池ポエム
ハンス



 

 「チャックに手がかかった時が一番燃えるね」
 色んな意味で燃えている陸路がコップを振り回しながら言った。
 「あー、あの首まである上着ね。あれが降りるのが浅葱の合図なのか」
 隣で千歳が口を緩ませてうなずく。何かを想像しているらしい。
 「?」
 その隣では佑が一人ウーロン茶を手に曖昧な顔をしていた。
 「それでさ、癖なのか知らないけど、目ぇ逸らしてゆっくり下げてくんだよ。真っ暗な中で、シーンとしてんのに、時間かけて」
 「うわ」
 状況が鮮明に千歳の脳裏に浮かぶ。いや、暗闇に徐々に浮かび上がる白いものという連想が頭に貼りついた。今話題にのぼっている彼女の肌の白さを独り占めしているかと思うと、目の前の同僚がややうらやましい。
 「よく待ってられるね、陸ちゃん」
 「千歳さんならその瞬間に飛びかかってるか」
 「その通り」
 目だけで笑って、二人はうなずきあう。妙なところで気が合うのだ、といわれているが主に気があっているのは変態さだけなのではないかと思う。佑はウーロン茶を注ぎに立ち上がった。かれこれ一時間居座っている陸路は帰る気配を見せない。陸路が帰らないと、佑はうるさくて眠れない。
 「ふぁ〜」
 台所であくびをする。
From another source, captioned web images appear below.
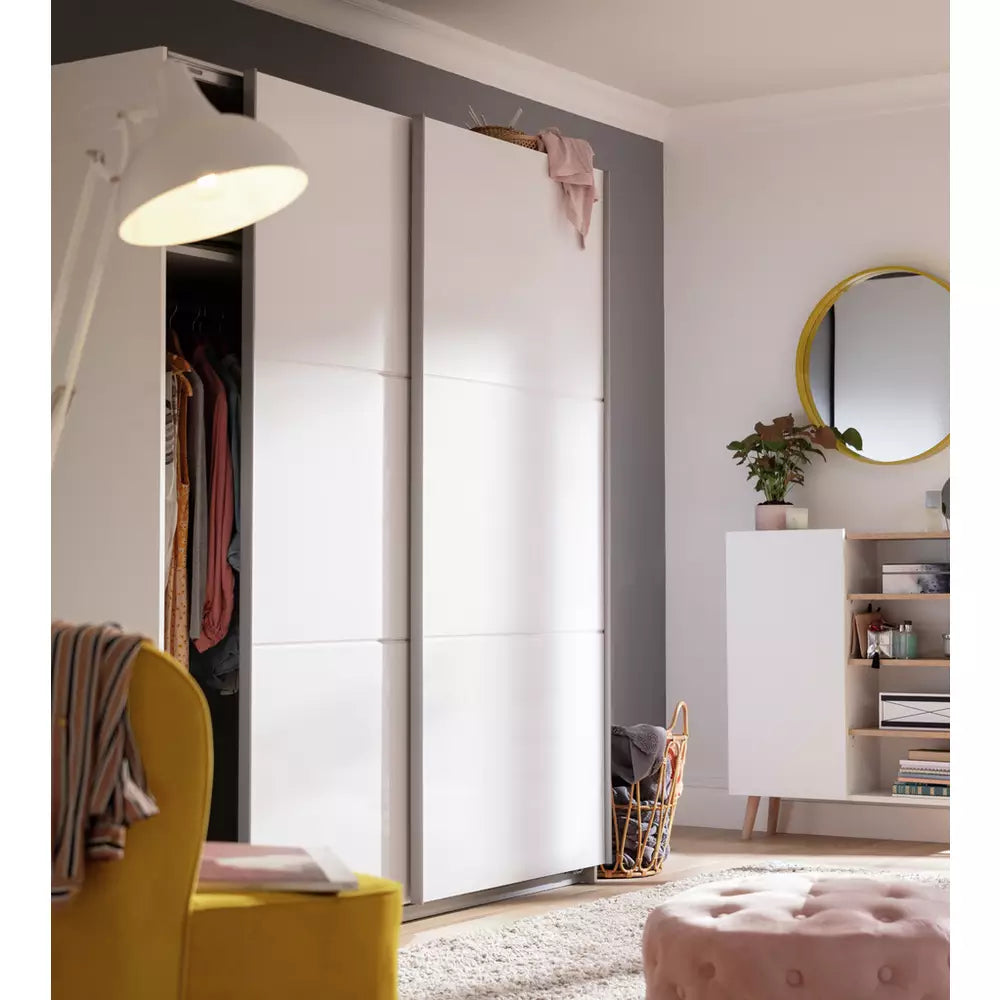 Habitat Holsted 180cm Sliding Wardrobe - White Gloss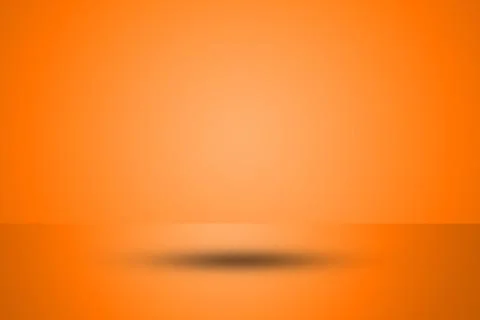 Empty orange floor gradient color abstract background with shadow Stock Photos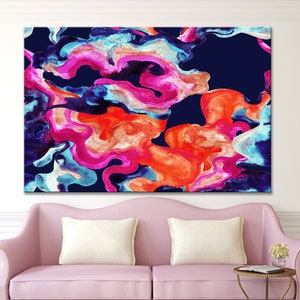 May include: Abstract art print featuring swirling, colorful shapes in shades of pink, orange, blue, and white on a dark blue background.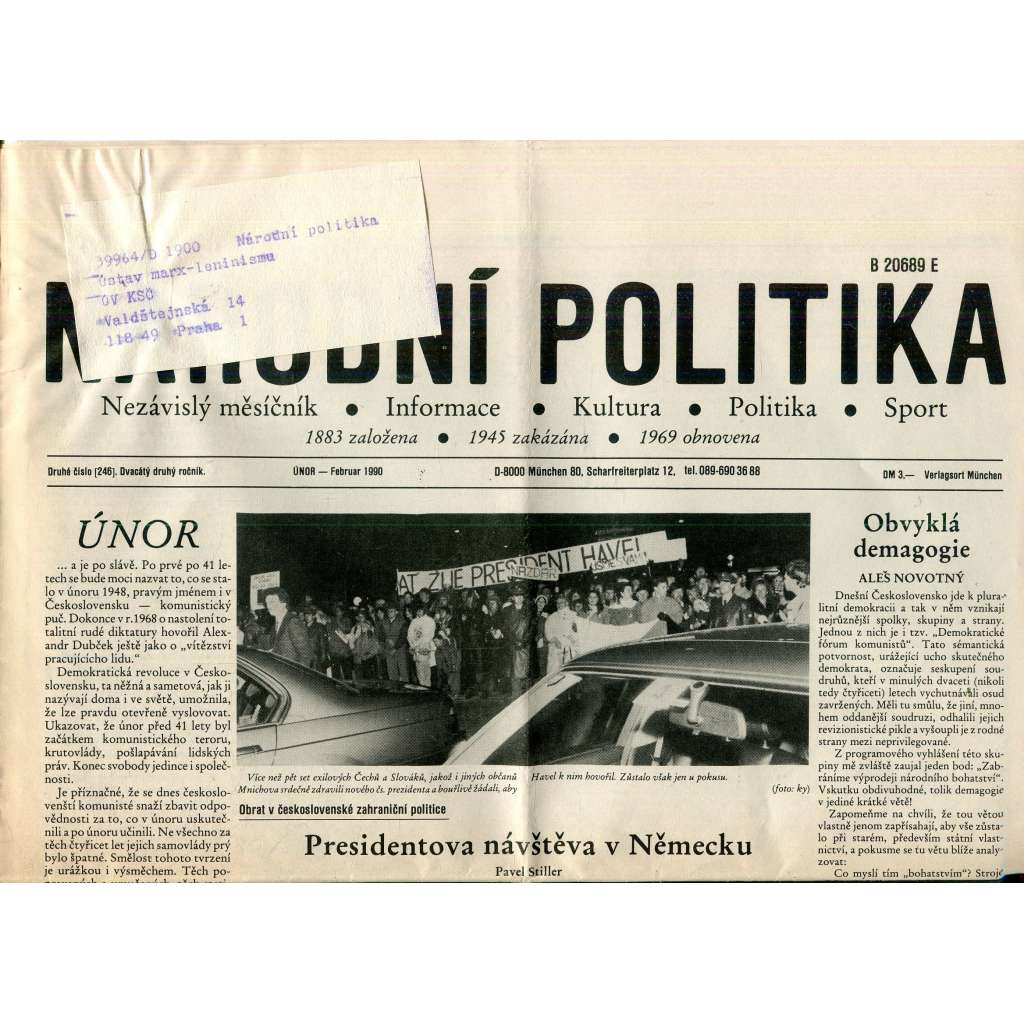 Národní politika (Únor 1990) - noviny, exil
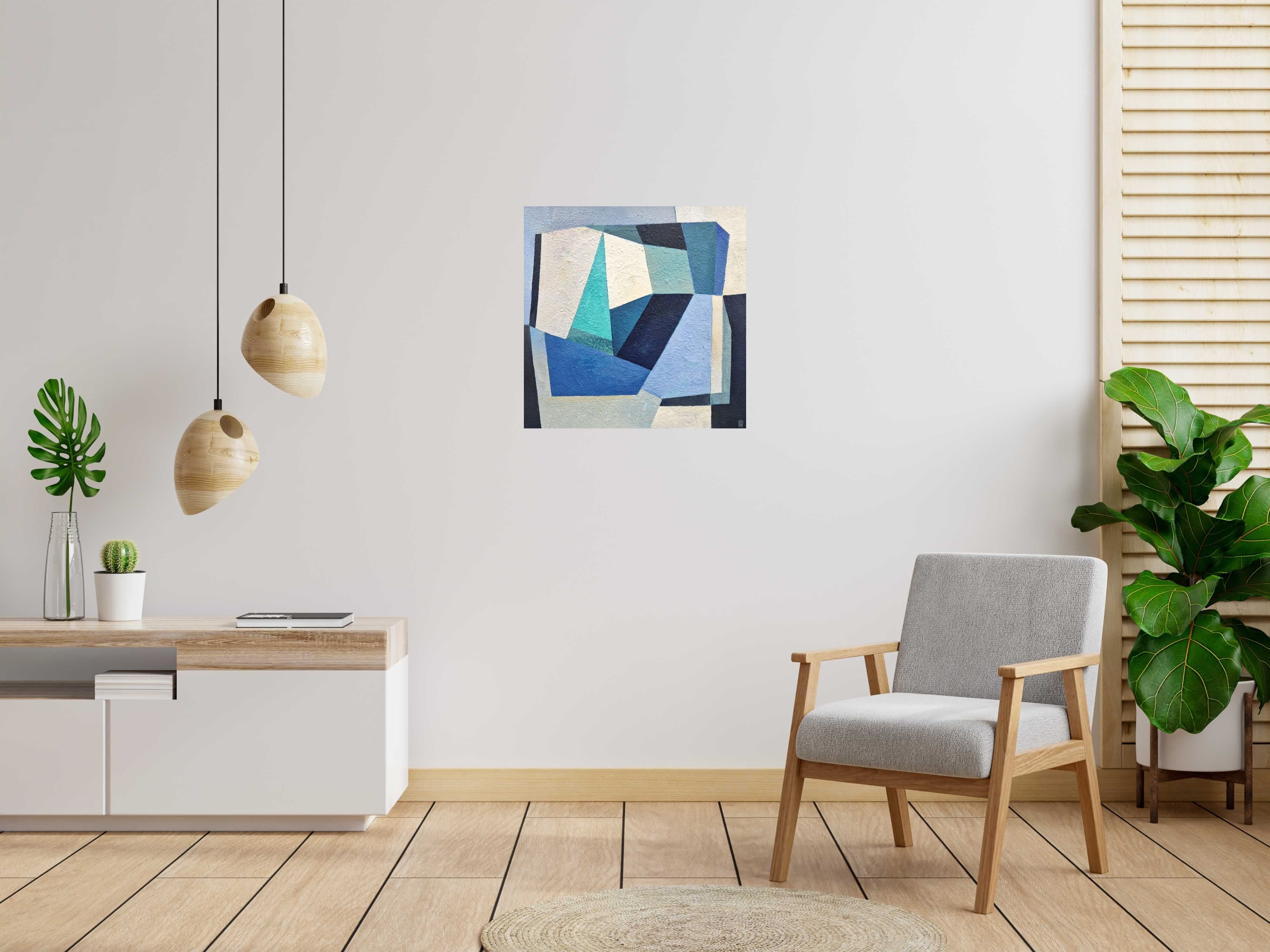 Toile 1987 de N MAFFRE dans un intérieur – 70 × 70 cm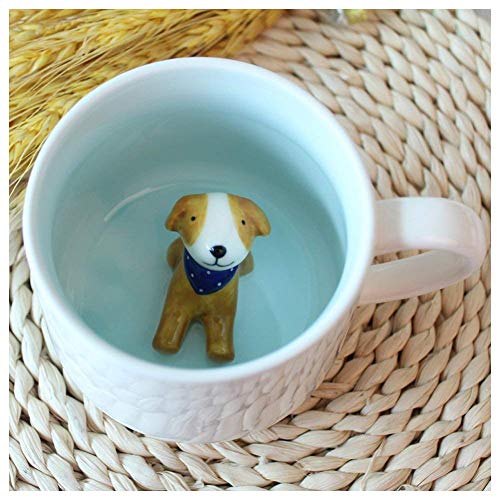 Hotmiss Cute Dog Coffe Mug with Dog Inside Cute Dog Print Stuff Mugs with Spoon 12 Oz Tea Cups Ceramic Cup Funny Coffee Mugs with Spoon Kids Mugs Birthday Gift for Women Friends Dogs Lover (Dog)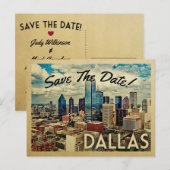 Dallas Texas bewaart de  datumskyline Aankondigingskaart (Voorkant / Achterkant)
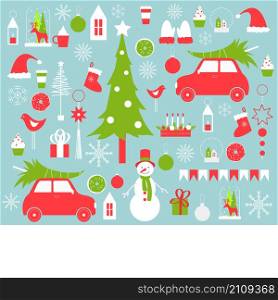Christmas vector background with snowman, cars and Christmas tree.. Christmas vector background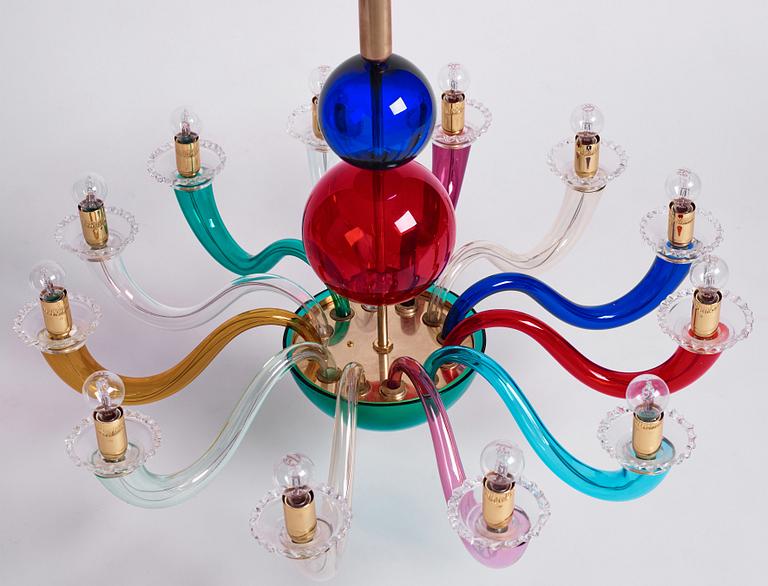 Gio Ponti, a 12 light chandelier, for Venini, Italy, 2014.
黄色と橙の皿とコップを流し場に置いて、明るい光が漏れてくる方をぼうっと見やる。ぼそぼそとした秘密の会話が少しだけ耳をくすぐる。内緒話をする声は少しも静かではないのに、無性に耳の回りを撫で回されているようだ。そのまま椅子に座り込む。台所に座り場所がない、と突然言い出した千歳が昨日買ってきた木製の椅子だ。
 「先輩はオレンジとか茶色とか、そういう色が好きなんだな」
 白い肌に灰色の髪、青い目なんかしてると自分にない色を好きになるのかもしれない。